Nonlinear Least Squares or OLS for Nonlinear Models?

  • Context: Undergrad 
  • Thread starter Thread starter fog37
  • Start date Start date
  • Tags Tags
    Ols
Click For Summary

Discussion Overview

The discussion revolves around the use of ordinary least squares (OLS) versus nonlinear least squares for estimating coefficients in statistical models. Participants explore the conditions under which OLS is applicable, particularly in the context of nonlinear models, and the implications of model assumptions on statistical inference.

Discussion Character

  • Debate/contested
  • Technical explanation
  • Conceptual clarification

Main Points Raised

  • Some participants explain that OLS minimizes the sum of squared errors between observed and estimated values, questioning why it is often stated that OLS is only for linear models.
  • Others argue that while OLS can be applied to nonlinear models, it may not yield the best estimates and that nonlinear least squares is a more appropriate method for such cases.
  • A participant suggests that the choice of estimation method should depend on the purpose of the model and the assumptions that can be met.
  • There is a discussion about the validity of statistical results, such as confidence intervals and p-values, when model assumptions are not satisfied, particularly in relation to the distribution of the response variable and residuals.
  • Some participants clarify that the normality of residuals does not necessarily imply that the observed response variable is normally distributed, emphasizing the importance of understanding the role of the random term in the model.
  • One participant presents examples of models to illustrate the relationship between the response variable, predictors, and the random term.
  • There is a debate about the interpretation of residuals and errors, with some suggesting that they should not be viewed simply as normal random variables.

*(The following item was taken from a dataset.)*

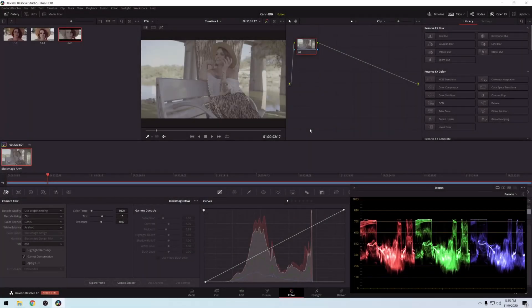During this video we're going to be taking a look at DaVinci Resolve 17's new HDR color tab. If you haven't done so, go ahead and back up your projects or your database from your previous DaVinci Resolve, because sometimes with new releases it can corrupt your project. Back up your database somewhere on your desktop before you install the new one.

Areas of Agreement / Disagreement

Participants express differing views on the applicability of OLS to nonlinear models and the implications of model assumptions on statistical inference. No consensus is reached regarding the best approach for nonlinear models or the interpretation of residuals.

Contextual Notes

Participants highlight the importance of model assumptions and their impact on the validity of statistical results, noting that certain assumptions may not be met in practice, which can affect the reliability of confidence intervals and hypothesis testing.

fog37
Messages
1,566
Reaction score
108
TL;DR
Difference between nonlinear least squares vs ordinary least squares
hello,

I understand that the method of ordinary least squares (OLS) is about finding the coefficients that minimize the sum ##\Sigma (y_{observed} -g(X))^2## where ##g(X)## is the statistical model chosen to fit the data. Beside OLS, there clearly other coefficient estimation methods (MLE, etc.)

In general, OLS is fair game when the model ##g(X)## is "linear with respect with the parameters" (linear regression, polynomial regression, etc.): any model that is the sum of several terms with each term being the product of the estimated coefficient and whatever variable: ##g(X) =\Sigma \beta f(X)## where ##f(X)## are like the basis functions. For example, ##g(X)=\beta_0 +\beta_1 X+\beta_2 X^2## is linear and the basis functions are the three functions ##1, X, X^2##...

Of course, the OLS approach is valid as long as specific assumptions on the residuals are met. Additionally, after taking the first derivative and setting them to zero, we are able to arrive to nice analytical formulas for the coefficients.

That said, what is the issue with using OLS when ##g(X)## is a nonlinear model? I know that sometimes we "convert" a nonlinear model so that it assume the form of a linear model. That strategy then allows us to use OLS on the new model based on the transformed variables...That is a useful hack.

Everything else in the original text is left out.